The wooden cross-spar is then inserted into one of the pieces of tubing and held tight across the back of the kite to the other piece of tubing. It is quite important that this cross-spar holds the skin of the kite quite tight. When flying this kite I slip the cross-spar across the back of the kite between the rear spines and the fabric of the kite. This prevents the spar from bending excessively.
I have made quite large versions of this kite. The biggest stood three metres tall and required a minimum of 10 knots to fly well. It then pulled quite hard. The spars for this kite were the equivalent of broom handles. I flew this kite for quite a long time but eventually got tired of carrying around such an unwieldy bundle and I was also concerned about such a heavy kite landing in a crowd of people. Kirsty has made a miniature version of this kite for me which looks as if it will also fly well. There is no reason why a train of small kites would be any less successful than their larger cousins.
Because it has a hole in the centre the Delta Conyne also lends itself to being used in trains. One line can be passed through several kites, with the bridal being attached directly to that single line. I have flown as many as 37 of these kites together, although I recommend that for this sort of number been kite line be well secured to either a vehicle, a tree, or a solid fence. It is generally a good idea to use a lead, or pilot kite, to keep the rest of the train stable. I have found that kites spaced at every two metres gives a wonderful visual effect and also remain fairly stable. If you don't use a pilot kite, which I often don't, the train can occasionally start cork-screwing. When this happens it is very spectacular but can also wipe a large number of kites out of the sky in a very short space of time. Untangling all these kites can be a nightmare, so I would suggest that you use a lead kite when ever you can.
One problem with flying trains of these kites is that you can rapidly run out of room to launch them. I generally laid out all the kites across the field before launching them. With 37 kites this takes a minimum of 74 metres plus the length of the flying line between the first kite and the tether. I usually had at least 20 metres of line between the first kite and the ground so I used at least one hundred metres to launch this train. This also means that I was getting fairly close to Australia's legal flying limits when I had a pilot kite above the train.
When I first built these kites into a train I found that although wooden spars do make the kites fly better it also meant that every time the kites came down as the result of a cork-screw or poor handling there would be several leading edge spars which would need replacing due to breakages. Eventually I settled on 3.2mm glass. This has the advantage of been quite flexible, though this does detract from the flying characteristics in strong winds. The cross spars on these kites are either for 4.5mm glass or 6mm glass. When I fly these kites individually I usually use 6 mm dowel as it is much lighter than fibreglass. It does however break much more easily.

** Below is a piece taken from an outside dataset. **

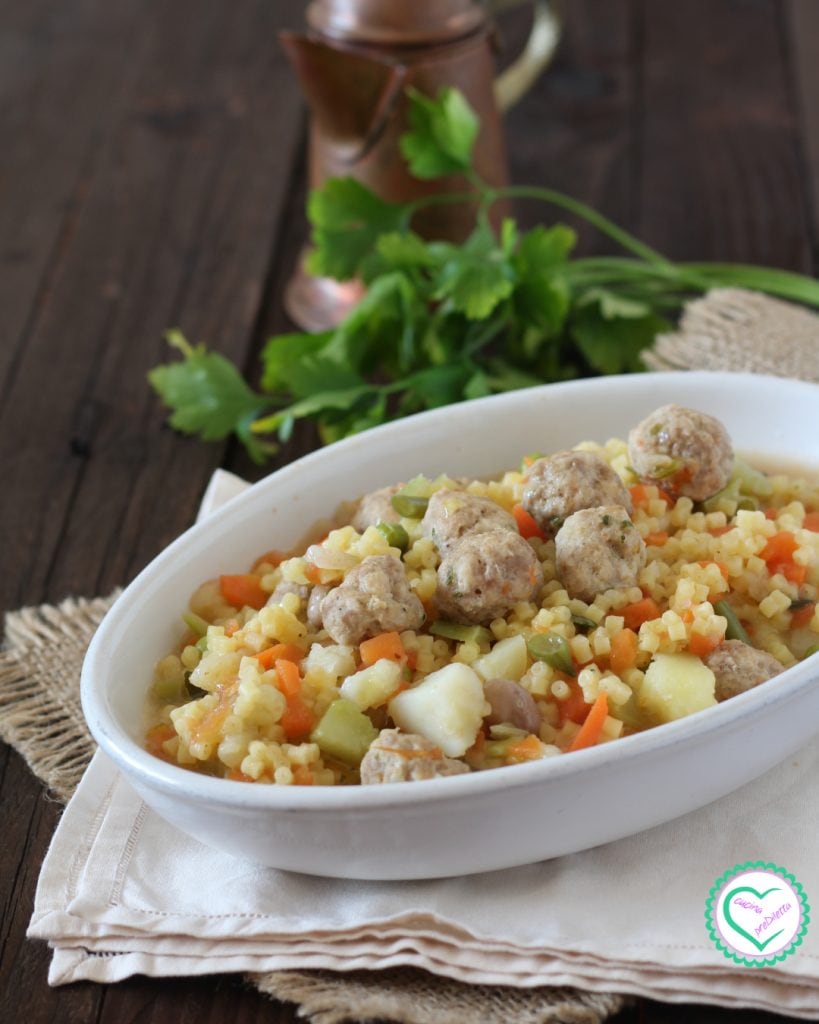 Soupe de pâtes avec des boulettes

The flying line for my train is a thick Venetian blind cord. I use either twisted nylon or 75 lb dacron and an upholstery needle to hand-sew a snap swivel onto this line every two metres. I use this snap to connect the flying line to the bridal of each kite. The swivel does help a little when untwisting each kite in the train during a day's flying.
To make a large train of these kites requires much time and effort, but the results are worth it. ! have flown as many as 40 in a train, but only in light winds, and only when I had help to retrieve the train, as it generated considerable lift! Fly these kites in trains with extreme care!